The acting governor, Earl Ray Tomblin, faces off against businessman Bill Maloney, the Republican nominee. Tomblin, the long-serving state Senate president, took over as governor last autumn after then-Gov. Joe Manchin, a fellow Democrat, was elected to fill the term of the late Sen. Robert Byrd. Besides Maloney and Tomblin, three independent or third-party candidates are on the ballot. The winner will fill out the final year of Manchin's gubernatorial term.
Late last week the Republican Governors Association went up with its final TV commercial of the campaign, which tries to tie Tomblin to the president, with the narrator saying that "A majority of America's governors are fighting in court to stop Obamacare, but Earl Ray Tomblin is implementing Obamacare in West Virginia. Obamacare will jack up taxes on businesses. Destroy jobs. Stop Obama. Stop Tomblin from implementing Obamacare."
Maloney is trying to frame the election as a campaign to defeat Obama, saying it "starts Tuesday, here in West Virginia."
In an interview with National Journal over the weekend, Tomblin appeared to be distancing himself from the president. "There are certain areas that I disagree with the president on completely, and I will continue to fight that even though he may be in my party," he said.
Tomblin's teaming up with another Democrat instead of the president.
In the final television commercial of his campaign, Tomblin went up last Wednesday on West Virginia airwaves with an ad that highlighted the support he's getting from Manchin, one of the most popular politicians in the state.
"Working together, we put our state's financial house in order," Manchin says in the ad, as he stands next to Tomblin.

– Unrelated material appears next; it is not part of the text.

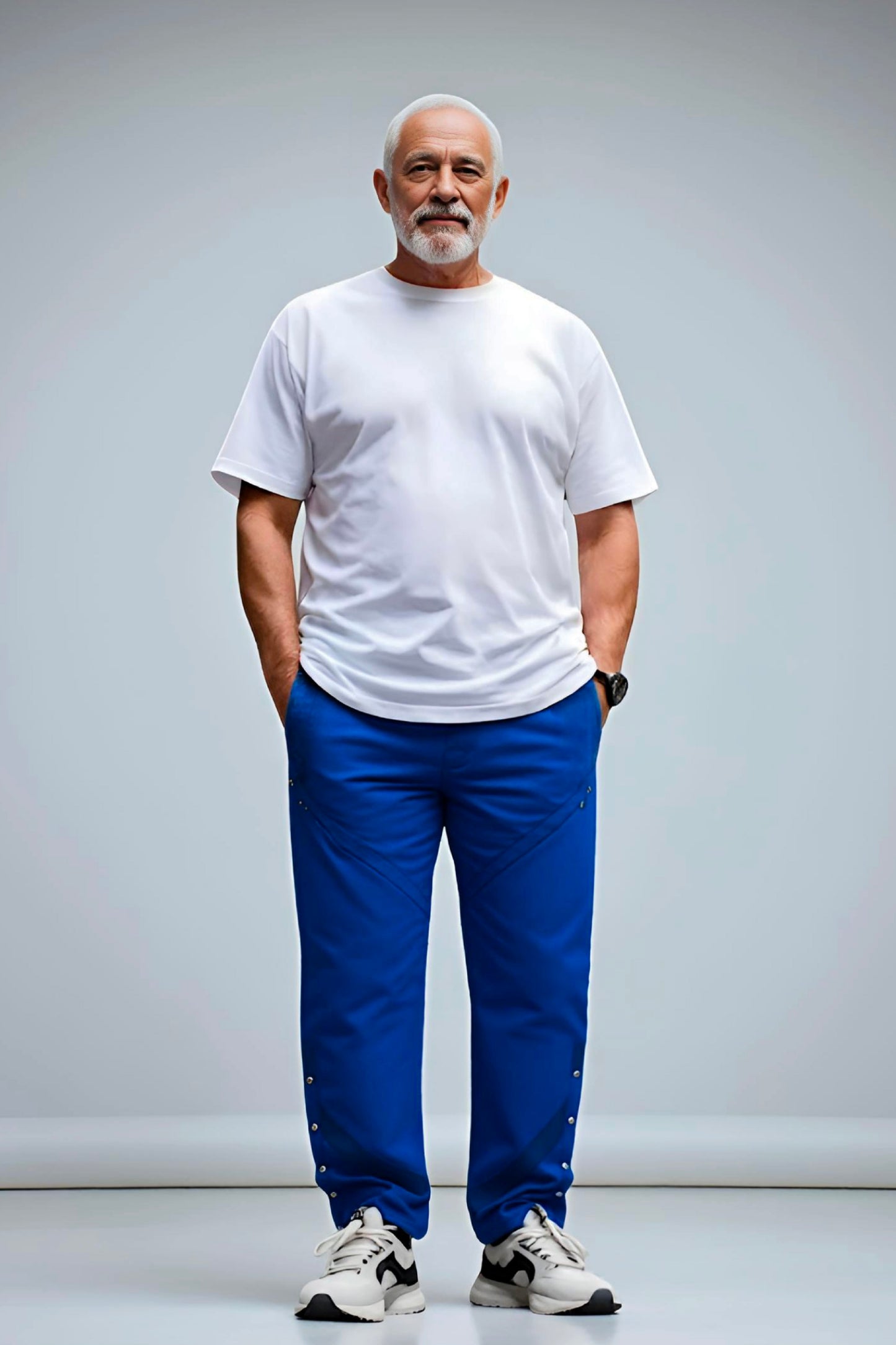 Men's Adaptive Clothing Pant - High-Quality Soft Fabric and Full Waistband Elastic - Side Seam with a Zipper Allows Easy Undressing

The ad continues with Tomblin saying that since he took over as governor, he's continued to cut taxes and balance the budget. The commercial concludes with Manchin saying that "Earl Ray is the right man to keep West Virginia on the right course for a better future."
The ad wars in the contest have heated up in the past three weeks. Commercials from the Democratic Governors Association have characterized Maloney as an out-of-touch businessman in one spot, and a greedy businessman in another. The RGA fired back with ads describing Tomblin as a career politician and suggesting that he's used his years in the state legislature to benefit his family's greyhound breeding business
Tomblin won the major union endorsements, but just as important was the backing he received from the state Chamber of Commerce and the National Rifle Association, two groups that typically support GOP candidates.
Though Democrats greatly outnumber Republicans in the state, the race appeared to tighten as Election Day neared.
Because of the heating up of the ad wars, and because of the Democrats' loss last month in a well-publicized special congressional election in a district long dominated by the party, the contest in West Virginia is now firmly in the national political spotlight.
"This race had stalled out, but once Republicans brought Obama into the game, the race started to shift in their direction. Tomblin might still win, but there's no question that the president made his life more difficult," said Nathan Gonzales, political editor of the nonpartisan Rothenberg Political Report.
But Democrats shouldn't see it as a great victory for the party if Tomblin wins, Gonzales said.
"National Democrats shouldn't take much comfort in a Tomblin victory. Tomblin pulled together a coalition of the Chamber of Commerce, unions and the NRA in order to survive. There aren't many other Democrats that will be able to do that in 2012," Gonzales added.